North Texas ended a 42-year bowl drought in 2001, losing 45-20 to Colorado State. Last year, the Mean Green made it back to New Orleans and beat Cincinnati 24-19 for the first bowl victory in school history.
Memphis (8-4) is playing in its first bowl game in 32 years.
"They're going to have a hard time because you have to be focused and prepared to play," North Texas running back Patrick Cobbs said. "The first year our focus wasn't really on the game. It was more on coming down here and having a good time. Last year we were more focused on the game. This year were going to be ready to play."

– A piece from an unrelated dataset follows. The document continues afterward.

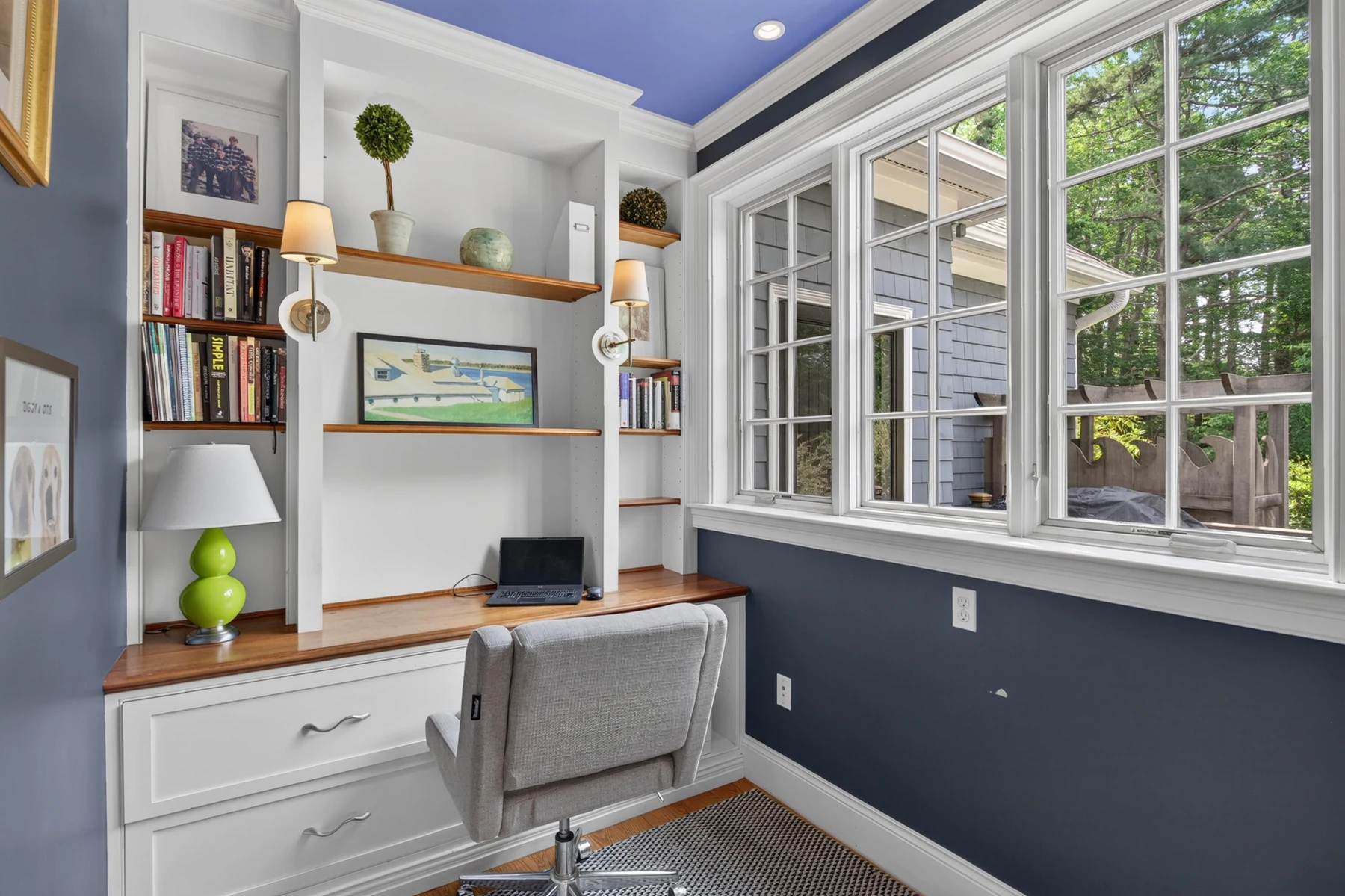 Fitted desk and shelving beside a broad window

The game will be played at the Superdome, the site of the final bowl game of the season, too: the Sugar Bowl, which is the Bowl Championship Series title game between No. 2 LSU and No. 3 Oklahoma.
This game will lack the attention of the Sugar Bowl, but it is still meaningful to the teams.
"I'm playing in my first bowl game, the first one any of us has played in and this is the first one we've been in in a long, long time," Memphis quarterback Danny Wimprine said. "Everybody's real excited about trying to win our first bowl game."
North Texas has seven offensive players and seven defensive players who have started for or been contributors to all three conference championships.
"It's a pretty special group of kids because they came to North Texas at a time when, football-wise, there really was no reason to come to North Texas," coach Darrell Dickey said.
The Mean Green led the Sun Belt in scoring (28.4 points per game), and Cobbs leads the nation with an average of 157 yards rushing per game. He has rushed for at least 100 yards in each of the last eight games, all North Texas victories, its longest winning streak since 1959.
The defense ranks 17th in the country against the run (106.8 yards per game), led by tackle Brandon Kennedy, the Sun Belt Defensive Player of the Year the last two seasons.
Memphis reached the postseason thanks to a strong offense. The team's 366 points are the third-most in school history.
But Memphis will have to play without running back DeAngelo Williams, the Conference USA Offensive Player of the Year, who sprained his knee in the next-to-last game of the regular season.
Derron Parquet, a New Orleans native and transfer from LSU, replaced Williams and rushed for a career-high 164 yards on 26 carries in a 21-16 loss at South Florida in the regular season finale.
"They're not a one-dimensional offense," Dickey said. "They can hurt you running the ball, they can hurt you throwing the ball. They spread you all over the field. They can do either one from spreading you out."